In the local context, Katie is the feminine answer to Mad Rad. The two acts incidentally share a label home at Out For Stardom, as well as a similar fundamental identity: that of the emotionally tormented (exhausted?) seven-days-a-week party purveyor. On Flatland, Katie Kate’s debut album, the MC/singer/producer makes it perfectly clear that she has problems and that the absolute best way to deal with them is to dance and sing her way through the strife.

On “Totebag” Katie fills a proverbial knapsack with emotional remnants from past loves, both tragically good and bad. A well-executed flip of those killer chimes from The Brothers Johnson’s “Strawberry Letter 23” is like a bittersweet sprinkle of stardust over the track’s synth-laden thump. Most of Flatland’s ten tracks are similarly charming exercises in rudimentary beatmaking. Katie employs a learned appreciation for bare-knuckle 808 knock and the endless array of effects at her synthesized disposal. The best example is “Hunting,” an industrial-grade dance workout that finds Katie on the prowl; it’s here that she’s at her most charming, toying with her sonic creation with deft switches between rapping and singing. Unfortunately she does neither exceptionally well…yet. Her attempt at lyrical miracles on “Uh.. No” leaves much to be desired and “Bodyout Princess” (an inane declaration of the artist’s unique identity and perhaps formal unveiling of the Official Katie Kate Tagline) is simply too far out-of-bounds for her, vocally.

Still, there’s much promising on Flatland.
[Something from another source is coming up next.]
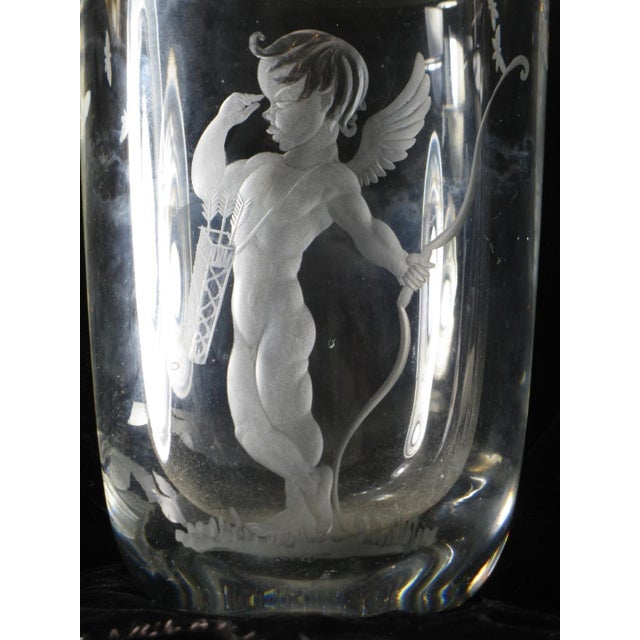 Mid 19th Century Vase Swedish Crystal Cupid Boy, 6" Engraved Naked Cherub, Kjellander Glass For Sale - Image 9 of 12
Katie, like the best electro-pop artists, is capable of finding the fleeting humanity within electronic music’s artificial constructs. Whether it’s the lovely reserve of her singing on “Houses” or the playful yet astute romantic observations on the echoing “Constellations,” a significant swath of Seattle’s music-loving populace can relate to Katie Kate’s point-of-view, and for this reason Flatland is an invaluable entry to the game. In a post-genre musical world like today, where some folks find themselves stumbling through (the grumpy rap purist set) and others drift seamlessly between genre amalgams (the wide-eyed youngsters), it’s mad scientist artists like Katie Kate who have the most to gain and the least to lose.